Section 30(f) of the Act
A real chance must be shown that:
“on the termination of the current tenancy the landlord intends to demolish or reconstruct the premises comprised in the holding or a substantial part of those premises or to carry out substantial work of construction on the holding or part thereof and that he could not reasonably do so without obtaining possession of the holding”.
The Pridewell case
Sprit Pub Company (Managed) Limited had been the business tenant of a pub since October 2007 under a tenancy protected by the Act. Pridewell Properties became their landlord in November 2014.
Pridewell wanted to redevelop the pub in an extended and reconstructed part of the existing building, but also to build three new mews houses in the beer garden area.
At trial
The judge decided that Pridewell had only failed to show that there was a real chance of its directors providing guarantees of sufficient value to support Pridewell’s borrowing to fund the scheme. Spirit was therefore entitled to a new tenancy.
Appeal to the High Court
On appeal, Pridewell asserted that the judge didn’t need to address guarantees, since the value of the premises was sufficient security for the scheme.
Spirit asserted on appeal that Pridewell should have failed on the rest of its case, which concerned its chances of obtaining planning permission and funding, starting the relevant works on termination of the tenancy, as required by the Act, and the existence of a restrictive covenant dating back to 1870, the terms of which were unknown, being a further barrier to redevelopment.
High Court’s decision
Pridewell’s ground
Dismissed. It was uncontested that personal guarantees of substantial value would have been required by the lender. Pridewell didn’t show that the same would be provided or that they would be satisfactory.
That disposed of the appeal, but the High Court went on to determine Spirit’s response grounds.
Spirit’s grounds
1. Existence of the restrictive covenant
Dismissed. It was self-evidently a real prospect that no one would know of the covenant or seek to enforce it. Further, even if anyone did know that they had the benefit, there was a reasonable chance that a restriction of that age could be modified under section 84(1)(aa) and (1A) of the Law of Property Act 1925, on the basis that, in 2025, it no longer secured a substantial benefit to the holder of the rights.
2. Obtaining funding due to restrictive covenant
Dismissed. Despite Pridewell having adduced no evidence about obtaining a restrictive covenant insurance policy, the willingness of insurers to provide one, the bank or other lenders to accept it or about the extent of the risk, this was a classic case for an indemnity policy. The judge was entitled to come to that common-sense view.
3. Planning permission
Upheld. Despite planning permission not being required to prove ground (f), it does mean that the court has to assess the chance of obtaining the same later than the date of trial.
There were two planning policies to be satisfied before planning permission could be granted in this case. Pridewell had not shown how one of them would be, and the judge did not address the same, nor conclude what evidence of viability might be put before the planning committee.
4. The 10-14 month delay
Upheld. The High Court decided the judge asked the wrong question. He asked whether a delay of 10-14 months was reasonable in the sense of ‘justified’.
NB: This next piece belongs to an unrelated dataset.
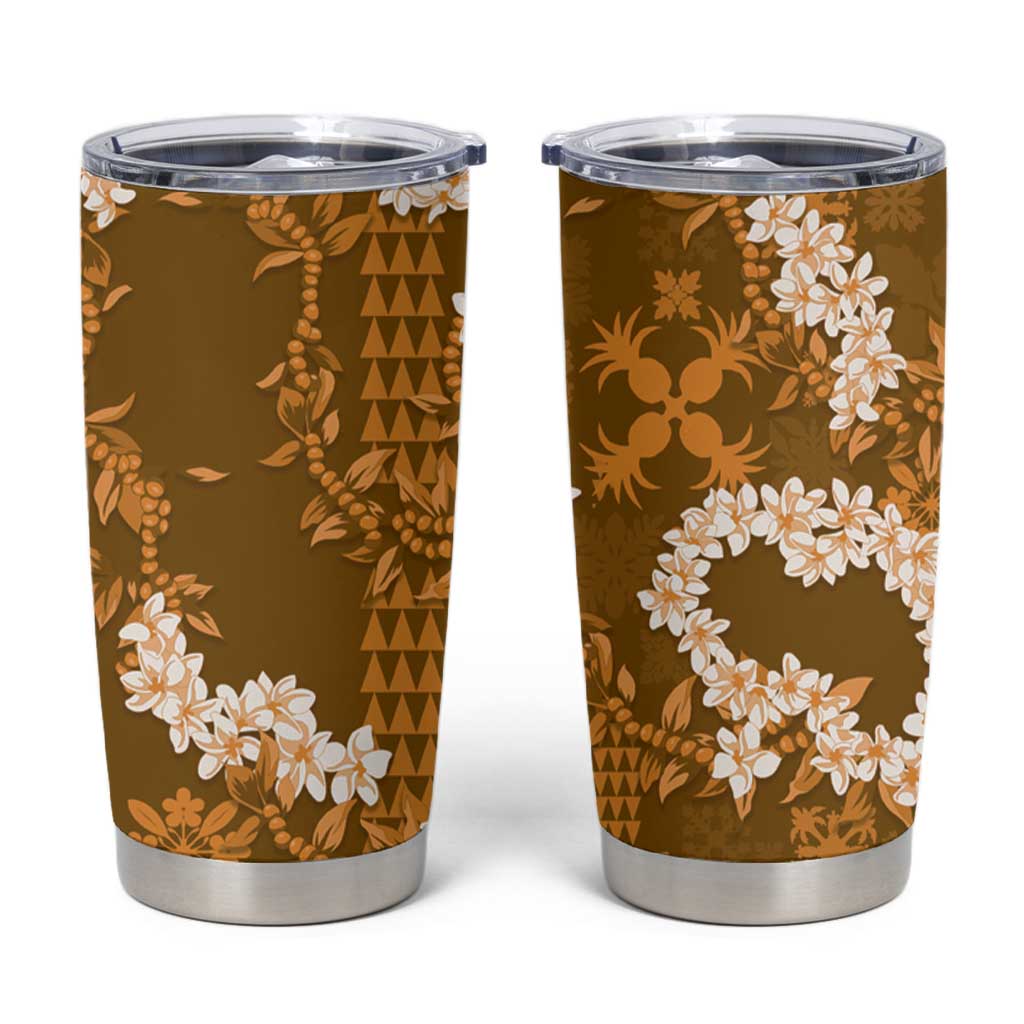 Mokihana Maile and Ilima Leis Tumbler Cup Alani Hawaiian Tapa Quilt Pattern - Polynesian Pride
Pridewell being unable to proceed with the planning application because Spirit wouldn’t permit entry onto the premises was irrelevant. That was the parties’ bargain. It explained why a reasonable estimation of the time required to be able to start the works was 10-14 months after the possession date, but that didn’t mean that the landlord intended to carry out the works at (or within a reasonably short time of) the termination of the tenancy.
A landlord’s ground of opposition will not necessarily fail if it doesn’t have planning permission in place at the date of trial. Crucial is whether there’s a real prospect of obtaining it in time to start the works within a reasonably short time of termination of the tenancy.
Practical points for landlords
Landlords should bear in mind the following if they wish to terminate a protected business tenancy on this ground:
- Landlords should be ready at trial to cover off, by evidence, each potential obstacle to their proposed redevelopment
- Related to this, while the first-instance judge was entitled to take a common-sense view concerning the indemnity insurance for the restrictive covenant, appeal courts don’t like interfering with a judge’s evaluation of the facts. A landlord is better advised to adduce evidence on each obstacle as stated, and Pridewell had produced no evidence that such would be acceptable to its lender, or any other
- While planning permission isn’t an absolute requirement, it’s probably going to be more difficult and costly, as part of the litigation process, to prove intention without it. A planning application made before the trial should help
- Pay attention to conditions of funding for the redevelopment and ensure you can show a real chance of satisfying them
Whether there’s a real chance that redevelopment works will start within a reasonably short time of termination of the tenancy will be fact-specific and therefore a matter for assessment. Straying into months, however, is going to present a real risk of not proving timely intention to redevelop.